Give again, exactly as written, the lines of the records below from the line with "Angola vence Paraguai" to the line with "Hello Cupcake!: Ryle". Both end lines count; pictures do not.

### Provided material

_ _ _ _ _ _ _

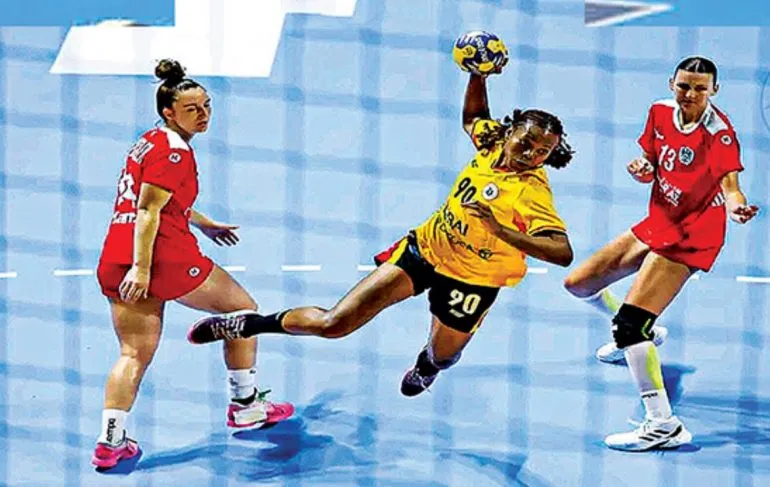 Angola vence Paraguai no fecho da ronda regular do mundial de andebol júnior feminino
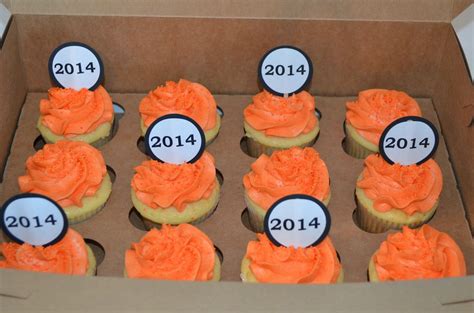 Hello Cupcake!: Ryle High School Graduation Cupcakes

_ _ _ _ _ _ _

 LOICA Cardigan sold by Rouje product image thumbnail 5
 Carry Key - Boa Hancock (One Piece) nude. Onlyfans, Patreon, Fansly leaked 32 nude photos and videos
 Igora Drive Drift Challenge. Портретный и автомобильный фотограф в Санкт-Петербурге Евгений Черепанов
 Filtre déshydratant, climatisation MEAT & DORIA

_ _ _ _ _ _ _

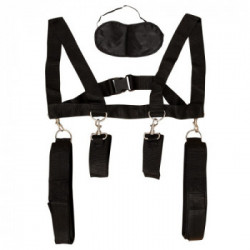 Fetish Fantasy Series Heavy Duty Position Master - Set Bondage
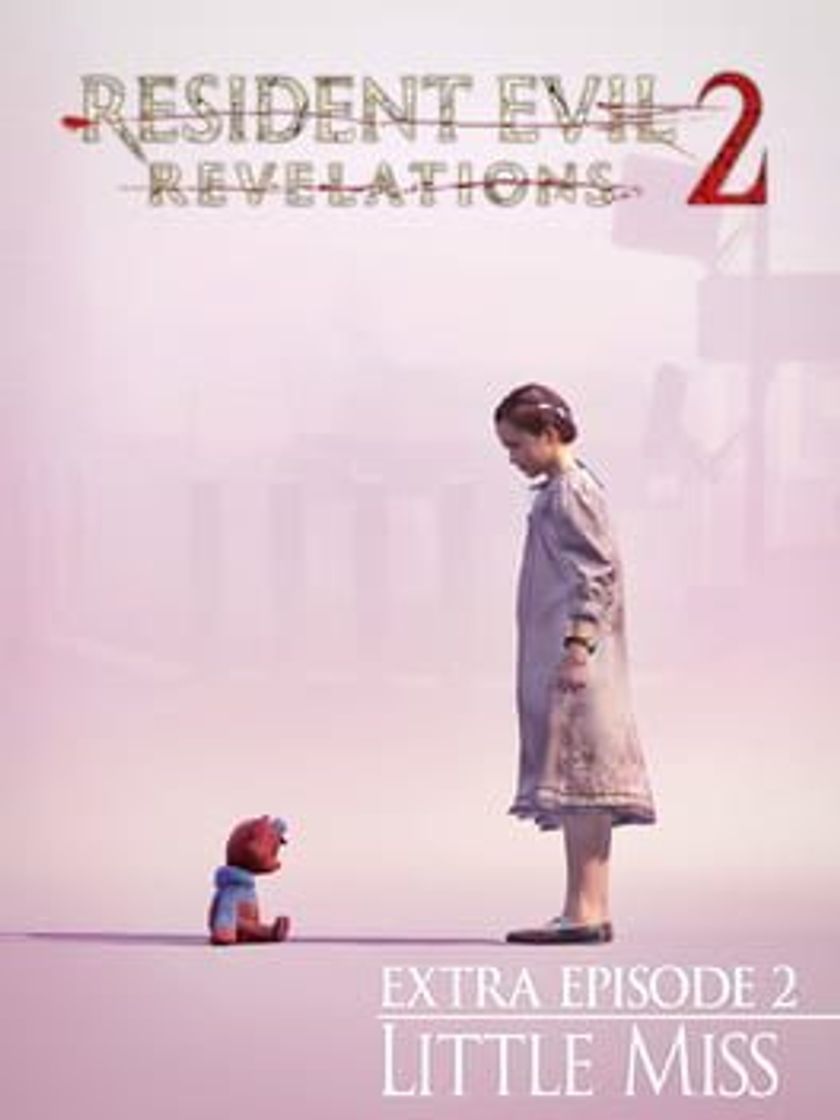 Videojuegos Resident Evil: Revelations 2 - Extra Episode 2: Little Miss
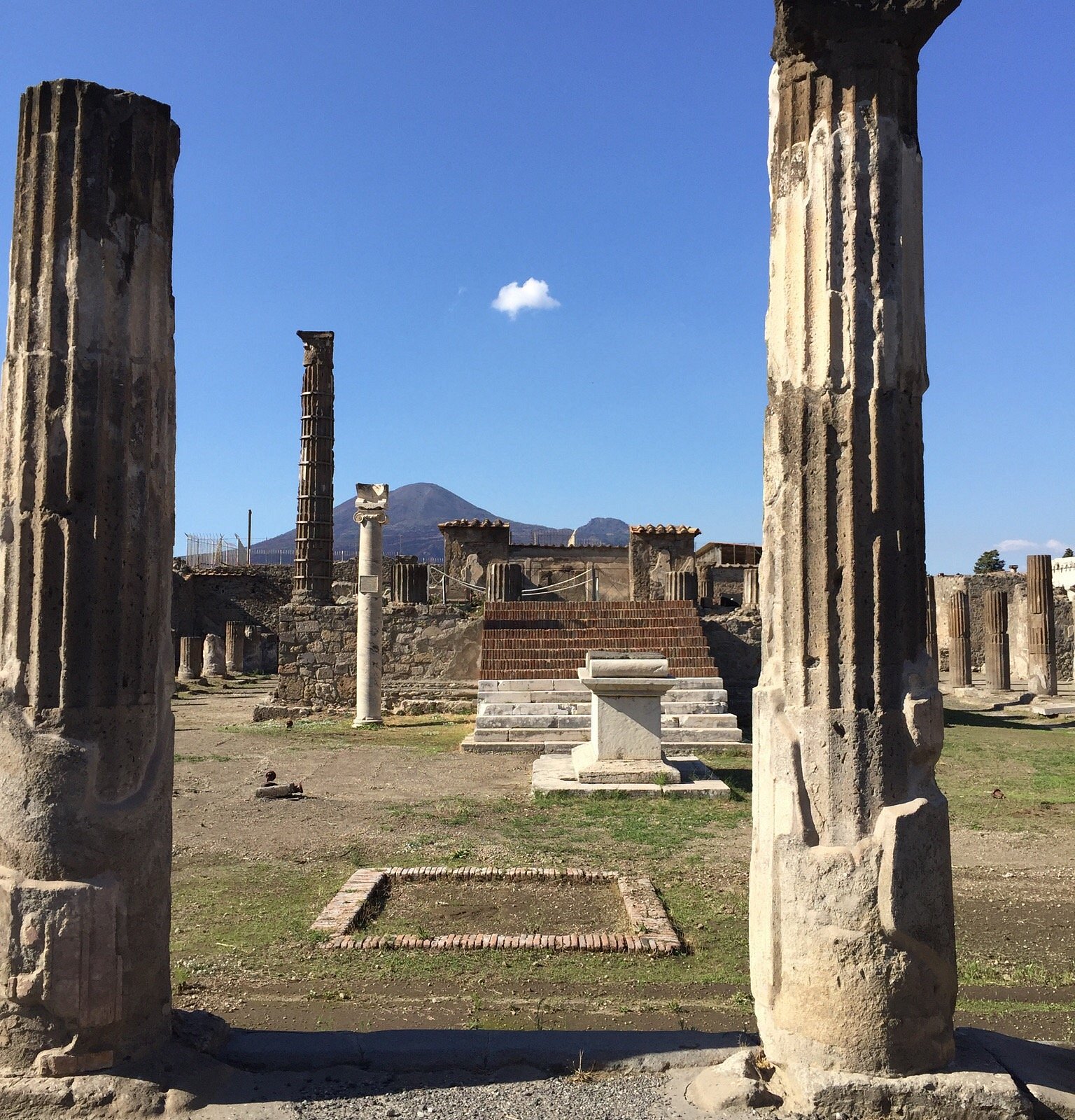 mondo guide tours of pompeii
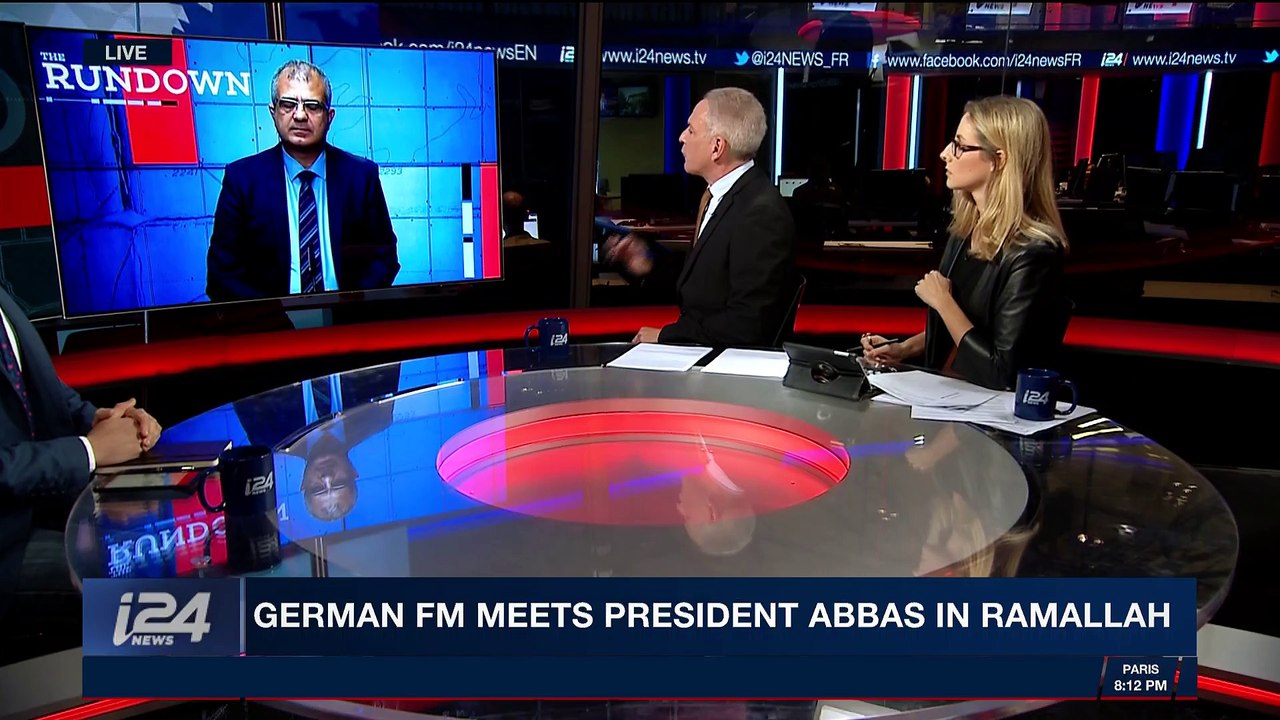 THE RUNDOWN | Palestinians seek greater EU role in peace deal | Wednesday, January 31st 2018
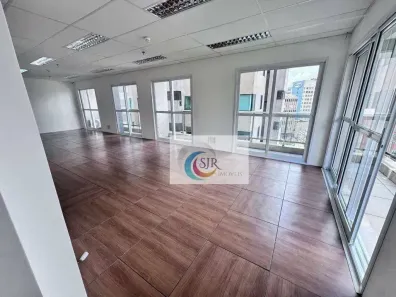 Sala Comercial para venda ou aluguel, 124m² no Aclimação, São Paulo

_ _ _ _ _ _ _

### Written response
 Angola vence Paraguai no fecho da ronda regular do mundial de andebol júnior feminino
 Hello Cupcake!: Ryle High School Graduation Cupcakes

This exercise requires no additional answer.